# Stored data:
________________

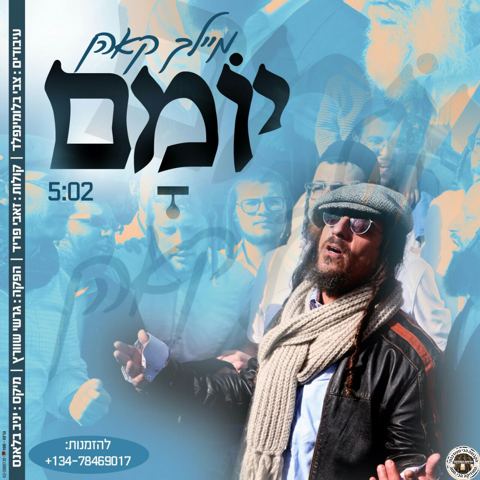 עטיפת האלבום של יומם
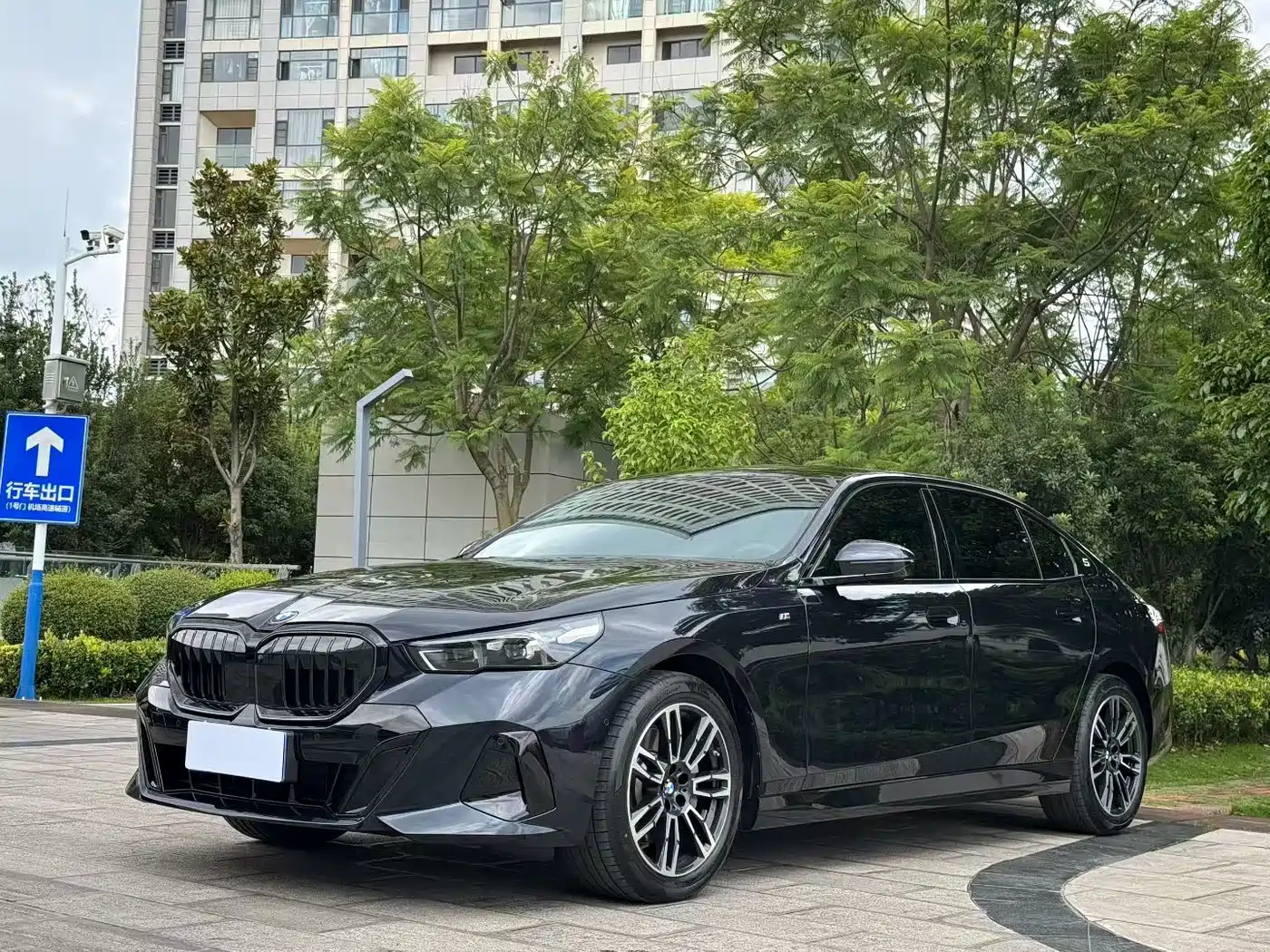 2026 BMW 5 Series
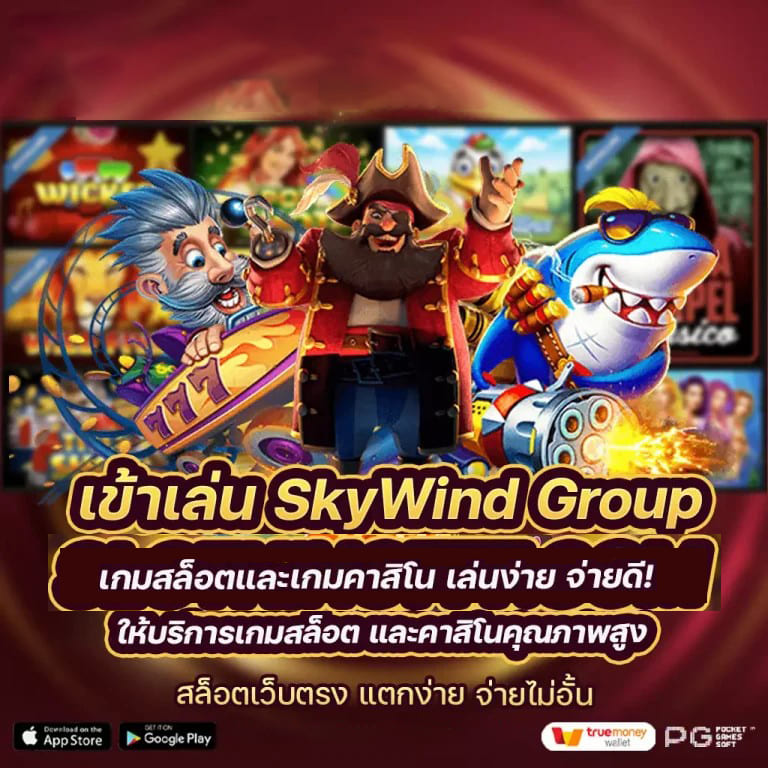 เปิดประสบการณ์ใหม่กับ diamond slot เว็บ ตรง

________________

# Exercise:
Could you print the data exactly as it appears and keep the pictures out?

# Task result:
 עטיפת האלבום של יומם
 2026 BMW 5 Series
 เปิดประสบการณ์ใหม่กับ diamond slot เว็บ ตรง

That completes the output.